For this, we need to use the fact that \( \tan^2x + 1 = \sec^2x \). We also know that
\[ \sec x = \frac{1}{\cos x}\]
therefore
\[ \sec x = \frac{1}{0.78} = 1.282 .\]
We can now substitute this value into the equation and find \( \tan x\):
\[ \tan^2 x + 1 = (1.282)^2 \]
so
\[ \tan^2 x = (1.282)^2 -1 \]
and \( \tan x = 0.802\).
Solve for \(x\) between \(0^\circ\) and \(180^\circ\):
\[ \cot^2 (2x)+ \csc (2x) - 1 = 0.\]
In this case, we need to use the third Pythagorean identity, \( 1 + \cot^2\theta = \csc^2\theta\).
If we rearrange this identity, we get \( \cot^2\theta = \csc^2\theta - 1\). In this case \(\theta = 2x\) and we can plug in this rearranged identity into our equation:
\[ \left( \csc^2(2x) - 1 \right) + \csc 2x - 1 = 0 \]
so
\[ \csc^2 2x + \csc 2x - 2 = 0.\]
We can treat this as a quadratic that we can factorise into
\[(\csc 2x + 2)(\csc 2x - 1) = 0.\]
We can now solve this and get \( \csc 2x = -2\) or \( \csc 2x = 1\), so \( \sin 2x = -\frac{1}{2}\) or \(\sin x = 1\). Therefore \(2x = 210^\circ\), \(330^\circ\), \(90^\circ\). and \(x = 45^\circ\), \(105^\circ\), \(165^\circ\).
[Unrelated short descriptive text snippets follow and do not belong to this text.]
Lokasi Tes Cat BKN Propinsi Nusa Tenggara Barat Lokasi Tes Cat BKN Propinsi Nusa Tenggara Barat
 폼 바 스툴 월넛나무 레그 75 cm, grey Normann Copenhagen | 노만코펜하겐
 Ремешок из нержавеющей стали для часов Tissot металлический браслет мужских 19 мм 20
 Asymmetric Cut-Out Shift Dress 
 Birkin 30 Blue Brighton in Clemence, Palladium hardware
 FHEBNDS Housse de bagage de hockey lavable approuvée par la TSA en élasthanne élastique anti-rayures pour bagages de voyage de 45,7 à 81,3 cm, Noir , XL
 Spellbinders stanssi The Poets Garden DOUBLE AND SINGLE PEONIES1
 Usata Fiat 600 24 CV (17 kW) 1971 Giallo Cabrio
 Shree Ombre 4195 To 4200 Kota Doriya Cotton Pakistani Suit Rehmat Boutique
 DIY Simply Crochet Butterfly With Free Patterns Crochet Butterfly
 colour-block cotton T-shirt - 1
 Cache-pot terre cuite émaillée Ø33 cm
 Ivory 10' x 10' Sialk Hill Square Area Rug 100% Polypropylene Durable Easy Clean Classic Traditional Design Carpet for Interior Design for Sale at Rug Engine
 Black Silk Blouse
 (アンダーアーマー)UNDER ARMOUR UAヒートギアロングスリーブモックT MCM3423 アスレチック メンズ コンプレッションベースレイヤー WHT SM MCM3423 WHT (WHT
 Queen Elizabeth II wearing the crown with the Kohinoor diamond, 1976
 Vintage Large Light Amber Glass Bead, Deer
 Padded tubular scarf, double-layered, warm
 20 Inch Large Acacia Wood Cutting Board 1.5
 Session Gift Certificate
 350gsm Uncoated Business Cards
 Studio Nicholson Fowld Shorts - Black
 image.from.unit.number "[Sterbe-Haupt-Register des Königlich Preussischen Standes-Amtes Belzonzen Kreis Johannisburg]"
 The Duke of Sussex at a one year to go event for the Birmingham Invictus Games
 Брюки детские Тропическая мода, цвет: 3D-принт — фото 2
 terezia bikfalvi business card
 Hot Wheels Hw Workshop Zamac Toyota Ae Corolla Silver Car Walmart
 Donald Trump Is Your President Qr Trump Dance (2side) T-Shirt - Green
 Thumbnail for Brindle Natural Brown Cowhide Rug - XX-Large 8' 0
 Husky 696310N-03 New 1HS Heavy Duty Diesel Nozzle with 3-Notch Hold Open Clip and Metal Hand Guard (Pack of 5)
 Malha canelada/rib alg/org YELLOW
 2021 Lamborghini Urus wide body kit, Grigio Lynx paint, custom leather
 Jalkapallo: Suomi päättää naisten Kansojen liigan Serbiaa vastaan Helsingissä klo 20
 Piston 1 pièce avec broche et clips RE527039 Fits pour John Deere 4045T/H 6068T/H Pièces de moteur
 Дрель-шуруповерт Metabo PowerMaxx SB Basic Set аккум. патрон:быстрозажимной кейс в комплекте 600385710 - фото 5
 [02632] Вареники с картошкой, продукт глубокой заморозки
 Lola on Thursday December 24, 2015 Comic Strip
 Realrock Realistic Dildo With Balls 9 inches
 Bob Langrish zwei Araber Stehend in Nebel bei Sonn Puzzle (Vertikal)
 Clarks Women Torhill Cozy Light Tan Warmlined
Pythagorean Identities - Key takeaways
The first Pythagorean identity is \( \sin^2 \theta + \cos^2 \theta = 1\).
The second Pythagorean identity is \( \tan^2\theta + 1 = \sec^2\theta \).
The third Pythagorean identity is \( 1 + \cot^2\theta = \csc^2\theta\).
The first identity is derived from the Pythagorean theorem \( a^2 + b^2 = c^2\) and the unit circle.
The second and third identities are derived from the first identity.